Keeping in touch with friends and family is an important part of any gap year, whatever you decide to do. It enables you to let your parents know that you’re OK and stay connected with your friends. Staying in contact is also a great way to combat homesickness and as a brilliant reminder or memento of your trip, that you can look at when you return. So, here are our top ways of staying in touch:
Use Skype: Skype will start to become your best friend during your gap year and you will surely believe that it is one of the best inventions ever made. Skype is free to download onto any computer and allows you to call any other computer or phone anywhere in the world. And the best thing about it is that if the other person has Skpe too, your calls are absolutely free. You can have video calls, web chats or even conference calls with a few of your friends at the same time and all you have to do is find an internet connection (which is pretty easy when you’re travelling) The only thing you have to remember to do is work out the time difference and set up a meeting.
Blog: Creating a blog is one of the best ways of keeping in touch during your gap year; it enables you to share your experiences with your friends and family every day. It doesn’t have to be complicated either, there are many different sites out there that will help you set up blog, two good ones are Blogger and Wordpress. Get family and friends to sign up to your blog so that they will know whenever you post something new. Writing a blog takes dedication and time though and you have to make sure you keep updating it. It will be worth it though, and when you return, you’ll have your whole gap year story written out, available for you to relive whenever you want.

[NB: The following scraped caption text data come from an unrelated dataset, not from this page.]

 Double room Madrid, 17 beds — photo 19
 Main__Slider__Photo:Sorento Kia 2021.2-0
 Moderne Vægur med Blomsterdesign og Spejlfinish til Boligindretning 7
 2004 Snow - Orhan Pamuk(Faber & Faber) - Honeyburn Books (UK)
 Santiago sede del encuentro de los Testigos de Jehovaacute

Update Twitter and Facebook: If you don’t want to write a whole blog, then updating your Facebook status is a good way of letting people know what you’ve been up to. Plus, it lets Mum and Dad know you’re OK and makes your friends a bit jealous too! Twitter is another good way of keeping in touch, not only does it allow to stay in touch with friends, but it enables you to connect with other travellers to, get tips and find inspiration on where to go next too.

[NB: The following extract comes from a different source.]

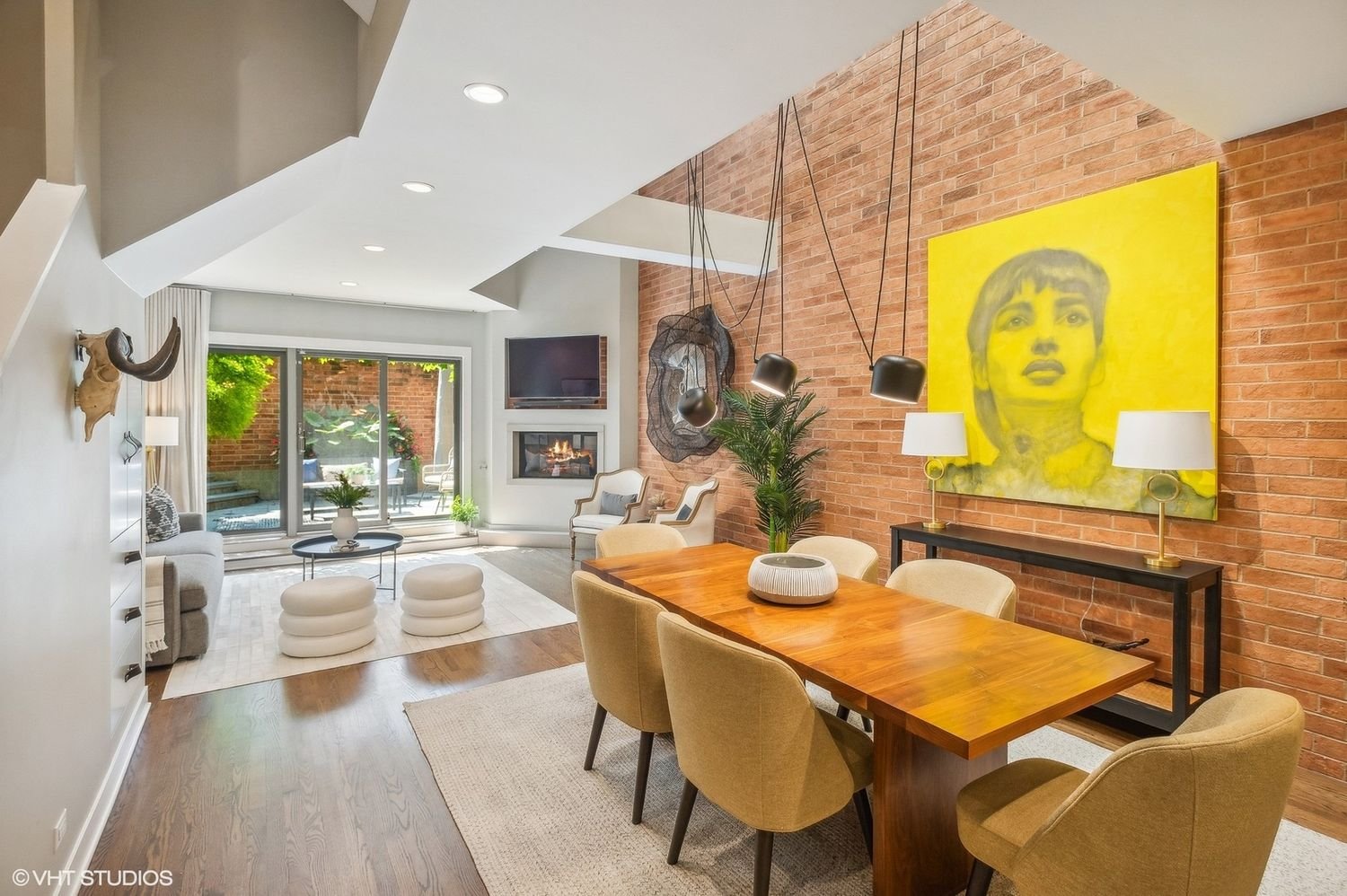 1300 N LaSalle Dr, Unit F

E-mail: It might not seem flash or hi-tech anymore, but e-mail is still the best way of staying in contact. You don’t have to make sure you’re online at a certain time, set anything up or get to grips with a new website. You simply type, click and you’re done. Your parents will be glad to receive your e-mails and you’ll be happy to when you inbox is full of messages from people updating you with the latest gossip from home and telling you that they miss you.
Upload photos: If writing is not your thing, you may want to concentrate on your photography instead. Uploading your photos to Flikr, Twitpic or other similar image site could be a great way of staying in touch. It lets your family see that you are well and what you’ve been doing during your travels. Alternatively you could simply e-mail your photos and your friends and family so that they can share your experiences with you.